### Action item
Pictures stay out of the copy, and everything else in the data below is repeated exactly.

### Data provided
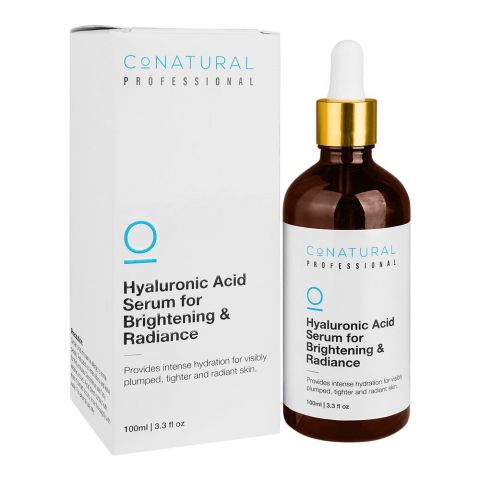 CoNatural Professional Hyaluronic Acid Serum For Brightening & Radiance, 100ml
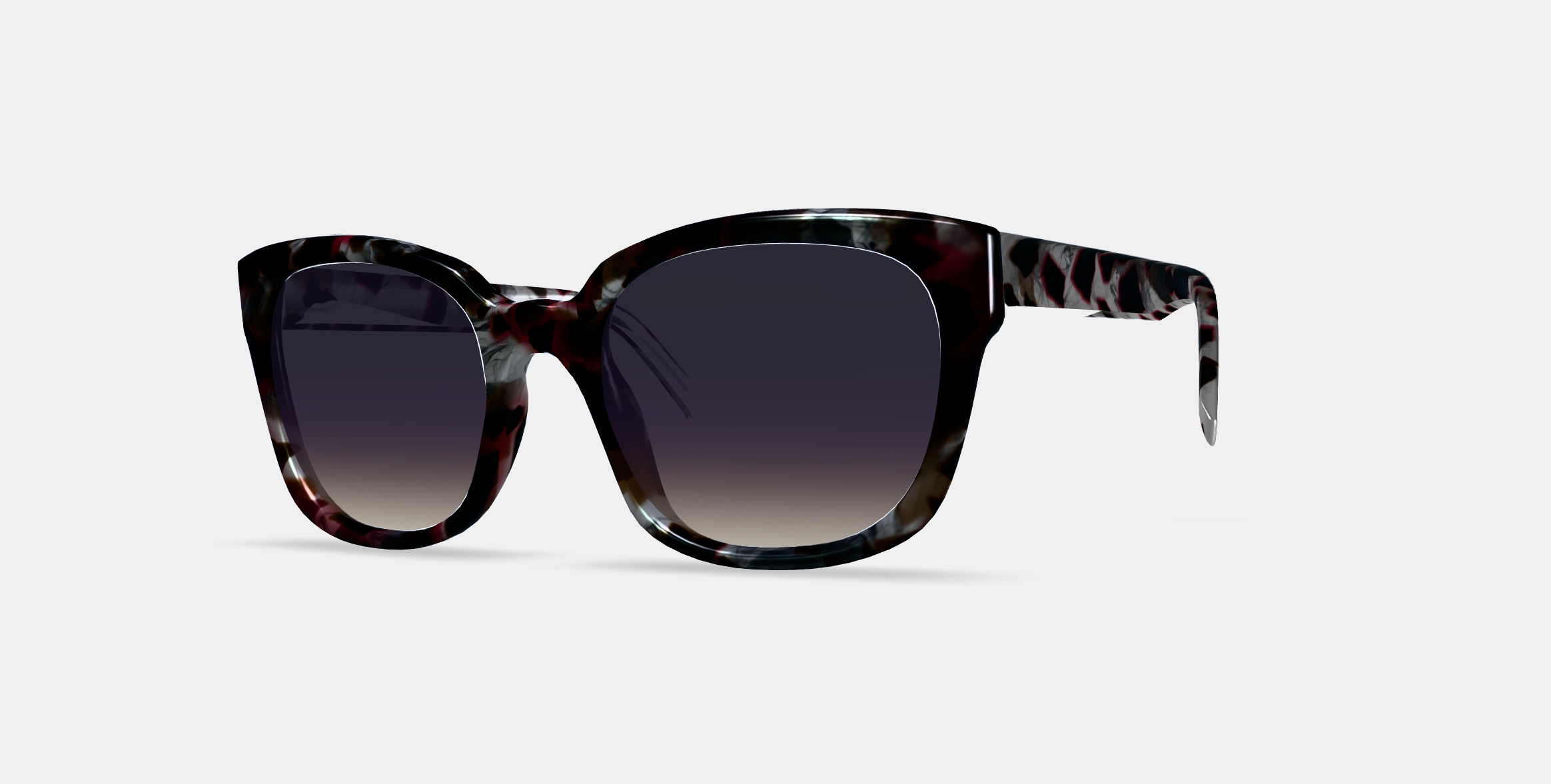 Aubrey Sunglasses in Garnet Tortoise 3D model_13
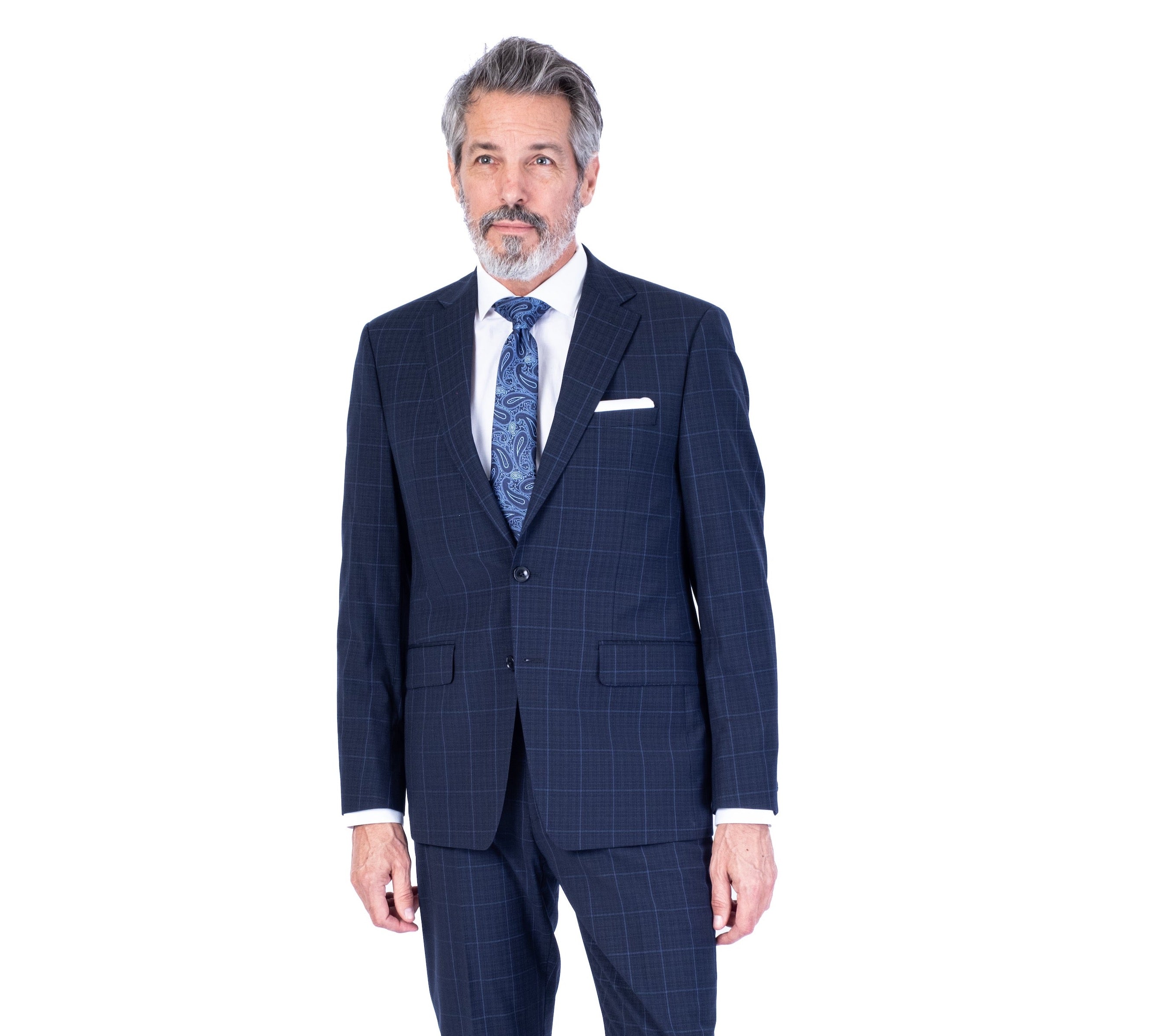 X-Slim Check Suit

### Your response
 CoNatural Professional Hyaluronic Acid Serum For Brightening & Radiance, 100ml
 Aubrey Sunglasses in Garnet Tortoise 3D model_13
 X-Slim Check Suit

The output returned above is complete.